Bill would put medical responders in Maalaea

The state Senate has approved a bill to establish a daily, around-the-clock special emergency services medical response vehicle based at Maalaea, but the amended version includes no specified funding and wouldn’t go into effect until 2050.

The measure calls for funding to pay for a vehicle, equipment and personnel costs for staffing by a state-licensed paramedic and equipped with all appropriate emergency response equipment.

The bill notes that a medical response vehicle is estimated to cost $600,000 annually, or half the $1.2 million expense of an advanced life support ambulance unit.

An amended version of Senate Bill 498, advanced by the Ways and Means Committee, removed a proposed appropriation of $600,000, leaving the amount blank, and changed the measure’s effective date from July 1, 2013, to July 1, 2050, “to encourage further discussion,” according to a committee report submitted by panel Chairman David Ige.

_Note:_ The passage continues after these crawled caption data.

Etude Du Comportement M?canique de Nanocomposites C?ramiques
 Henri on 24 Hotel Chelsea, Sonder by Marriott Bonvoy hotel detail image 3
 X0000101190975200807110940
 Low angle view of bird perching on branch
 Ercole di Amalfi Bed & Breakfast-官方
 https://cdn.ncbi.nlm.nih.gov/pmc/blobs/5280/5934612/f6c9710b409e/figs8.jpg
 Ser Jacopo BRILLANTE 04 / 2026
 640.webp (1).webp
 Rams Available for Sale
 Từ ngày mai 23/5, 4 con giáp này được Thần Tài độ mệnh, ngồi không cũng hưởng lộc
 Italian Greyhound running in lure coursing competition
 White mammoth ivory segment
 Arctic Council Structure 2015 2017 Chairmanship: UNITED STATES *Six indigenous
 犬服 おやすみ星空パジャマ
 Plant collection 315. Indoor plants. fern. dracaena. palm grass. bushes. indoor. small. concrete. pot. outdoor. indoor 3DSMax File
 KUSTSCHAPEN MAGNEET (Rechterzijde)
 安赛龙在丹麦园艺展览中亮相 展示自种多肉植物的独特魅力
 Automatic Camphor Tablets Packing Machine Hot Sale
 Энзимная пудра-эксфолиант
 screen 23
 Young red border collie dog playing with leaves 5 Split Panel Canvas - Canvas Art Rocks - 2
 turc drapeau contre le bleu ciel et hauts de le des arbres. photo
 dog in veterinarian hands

Referred to the Senate Health and Ways and Means committees, the bill received unanimous support in written testimony from approximately 60 people, including several Maui paramedics.

Curt Morimoto, Maui operations manager for American Medical Response, testified that resident and visitor population increases have driven up 911 emergency calls in the South and West Maui districts.

Calls from Maalaea increased 64 percent from 2009 to 2012, he said. The proposed special response vehicle would provide a faster response to the Maalaea community, where no fire or ambulance units are stationed, he added.

Morimoto noted that 2004 was the last year there were any emergency medical services state funds appropriated for service upgrades.

“Although transport is important, being able to render immediate lifesaving skills as well as administering critical medications may be the difference between life and death,” he said.

Pam Daoust of the Maalaea Community Association submitted testimony in favor of the special response vehicle.

“An SRV in Maalaea makes sense both in providing coverage for Maalaea itself and in allowing for a more prompt response to multiple emergencies in other locations where delays could prove life threatening,” she said. “As Maui’s population continues to grow, access to emergency, first-response treatment becomes even more desperately needed.”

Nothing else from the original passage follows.